C’est pourtant dans ces excès même que réside l’intérêt de Bad Lieutenant. On n’a pas assez souligné l’importance démesurée que prenaient dans le film ces paris autour d’un tournoi de base-ball. Première scène : notre flic arrive sur une scène de crime mais, au lieu de s’intéresser à son affaire, va discuter avec ses collègues du match de la veille, prend les paris pour le match du lendemain. Le film fonctionne ainsi : l’intrigue policière est complètement évacuée par la roulette russe des résultats du base-ball. Des mises toujours plus grosses, des dettes toujours plus abstraites. Notre anti-héro parie l’argent qu’il n’a pas sur des matchs que nous ne voyons pas. Un enjeu dont l’objet et la monnaie nous échappent, mais qui jette pourtant ce lieutenant dans un gouffre sans fond.

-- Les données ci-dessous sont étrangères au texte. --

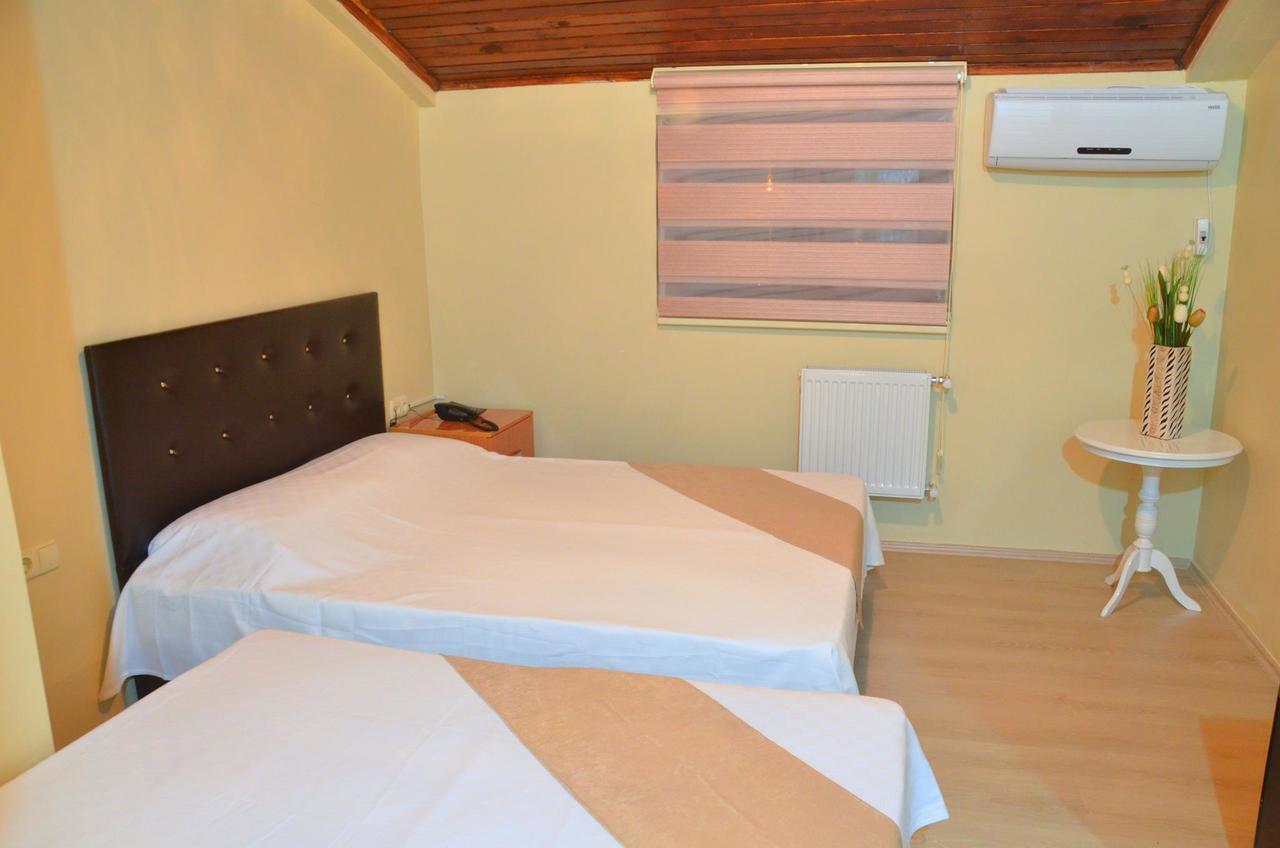 Doyuranlar Ata Hotel Eceabat Exteriör bild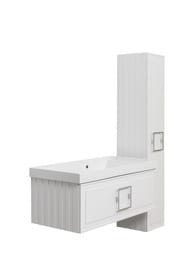    La Fenice Cubo Bianco 100  (976469350)   FNC-01-CUB-B-100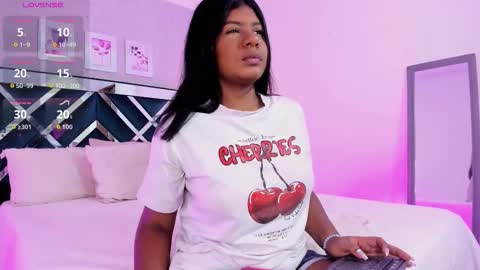 Snapshot of meelody7 chatting on 11-28-25, 11:46 Melody online show from 11-28-25, 11:46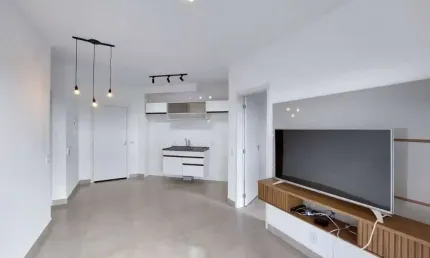 Apartamento com 2 quartos à venda na Travessa Francisco Latorre Primo, Residencial Parati, São Carlos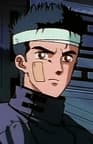 Junpei Touma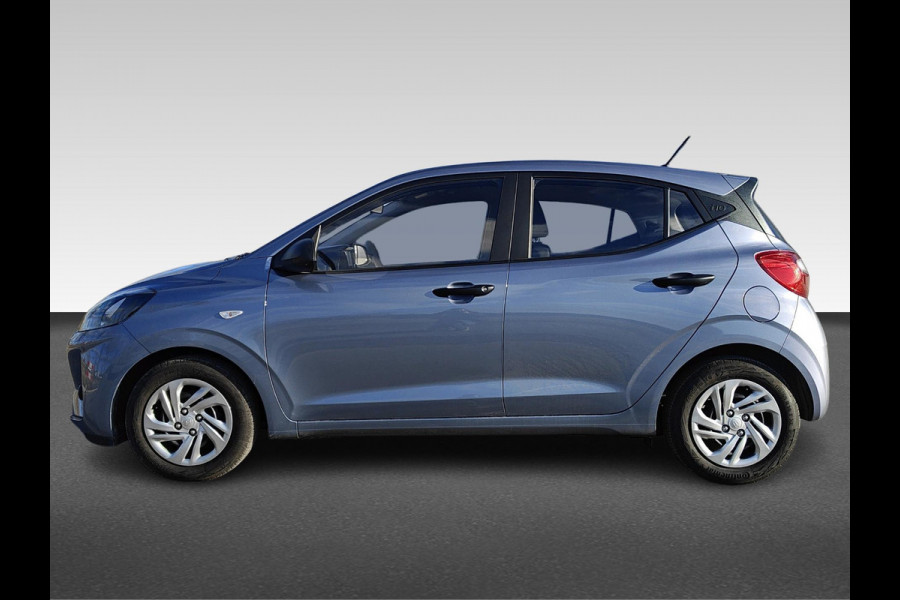 Hyundai i10 1.0 Comfort | Achteruitrijcamera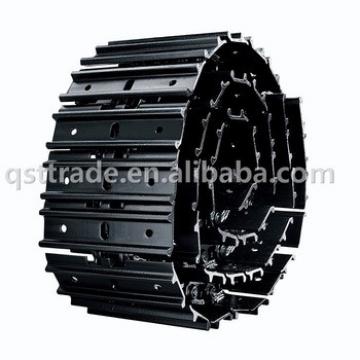 Wholesale Factory Price High Quality SK220 excavator part track link assy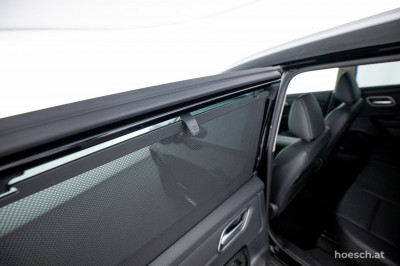Nissan X-Trail Gebrauchtwagen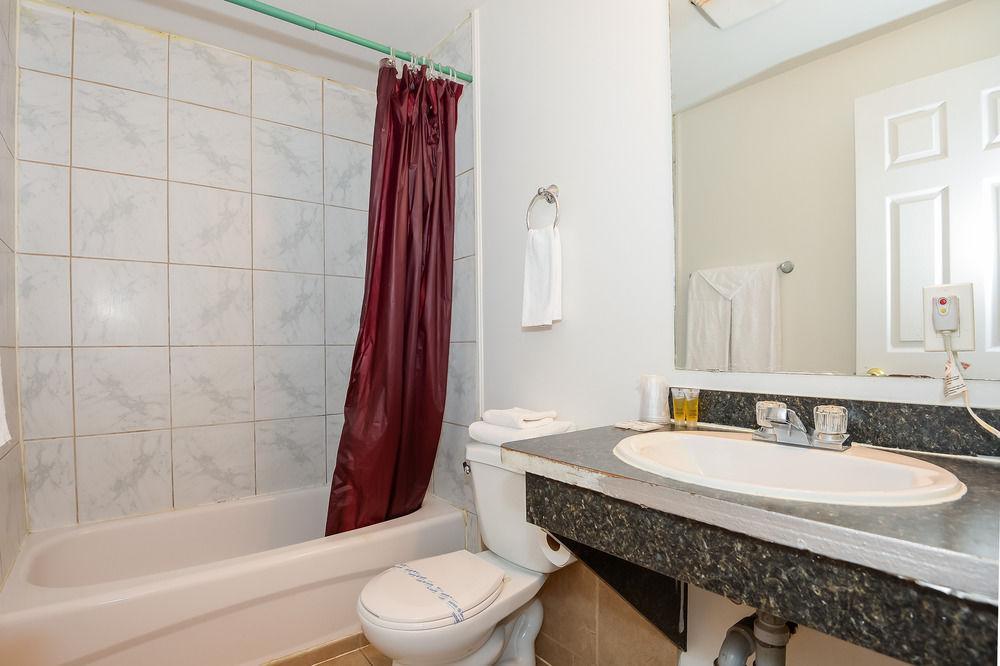 Ottawa Inn Hotel Ngoại thất bức ảnh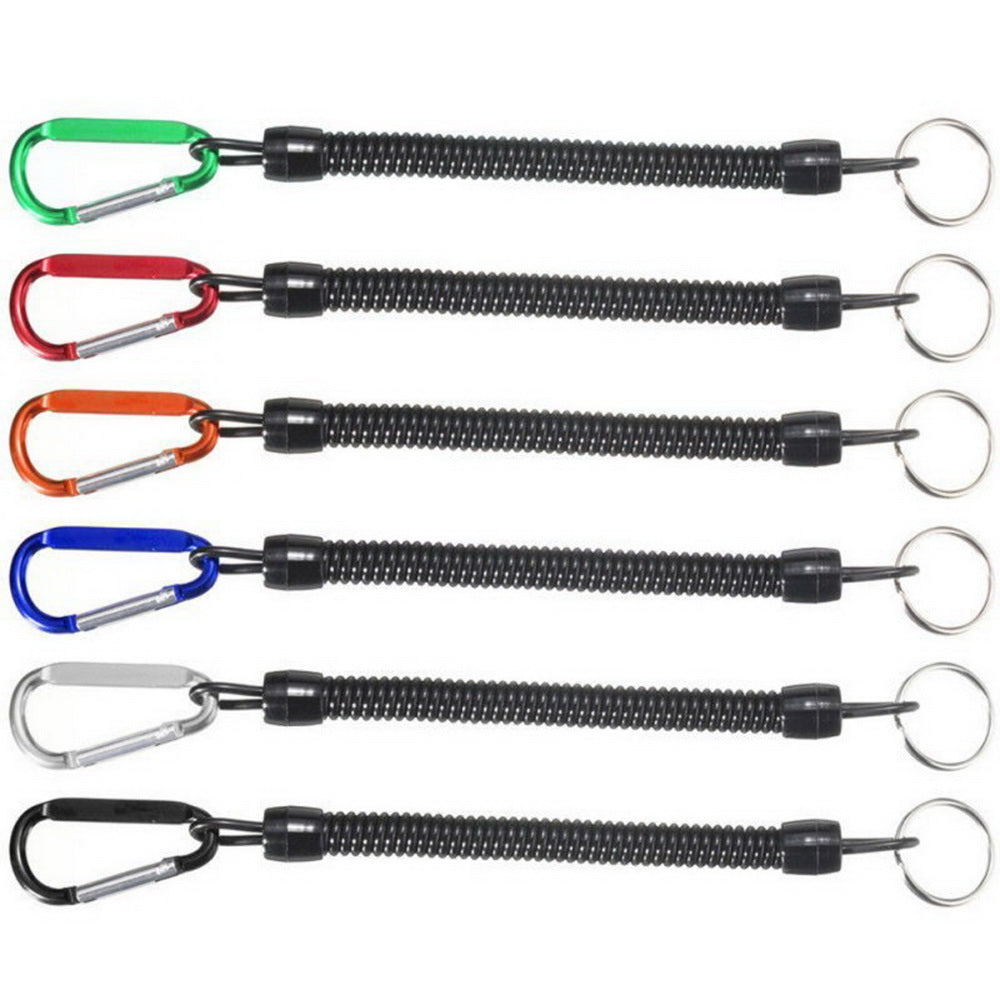 Fishing Plier Scissor Braid Line Lure Cutter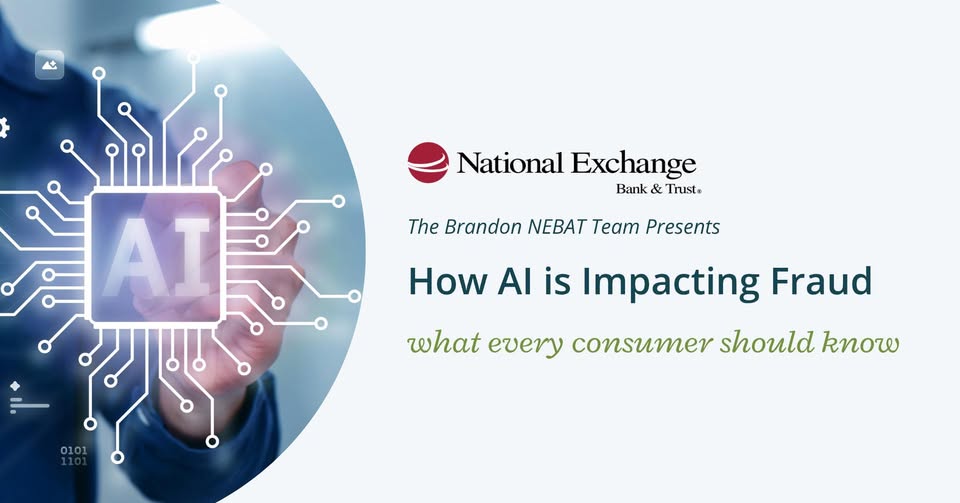 How AI Is Impacting Fraud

Puis la remise en jeu perpétuelle devient un principe de mise en scène. Le voilà, ce Ferrara de toutes les exagérations, de toutes les escalades, dans cette manière de tester les limites du sérieux, les limites du bon goût. Il dirige sa barque comme son personnage, répondant à un pari impossible par un autre pari impossible. Dans le jeu d’Harvey Keitel, on sent bien que la fuite en avant attire irrésistiblement la farce et les postures comiques. Il geint, s’effondre, se traîne, se plaint, se révolte, se repend. Et on se retrouve avec un impuissant qui gesticule.

Principe de cinéaste, le pari devient aussi dans l’œil de Ferrara un sommet d’ambiguïté théologique. Nous avons en effet d’un côté un personnage qui, en jouant avec le hasard, a l’air de défier Dieu. Un personnage qui, avec la monnaie de singe qu’il manie, a l’air de parodier le Sacrifice, la seule vraie monnaie qui soit. Quelqu’un, enfin, qui partage la culpabilité sacrilège des violeurs – la scène est comme rêvée dans une hallucination, si bien qu’elle donne l’impression qu’il est effectivement le coupable. Il y a du diabolique dans cette manière de se livrer à la fois à tous les mauvais dieux, tout en rêvant à la seule vraie rédemption au bout du tunnel. D’un autre côté, il y a un personnage qui renonce à sa volonté propre. En négatif, à travers ces divinités de substitution, c’est bien sûr à Dieu qu’il aspire – et il est à deux doigts de se laisser ravir, quand il croit à une apparition. Sous un certain angle, le cheminement de ce mauvais flic a quelque chose du pari de la foi, ce grand saut dans la nuit new-yorkaise.

Ce qu’il y a de génial dans Bad Lieutenant, c’est la manière dont le sens du sacrilège et du sacrifice sont tenus ensemble. Une manière de communication secrète entre la fascination pour le néant et la foi la plus absolue – un cuisant credo quia absurdum. Et même si tout ça ne nous dit pas, au fait, ce que vaut le remake de Werner Herzog, on se contentera de repenser sur un autre ton l’exhortation de Scorsese : « si on ose, il faut suivre le personnage jusque dans la nuit.»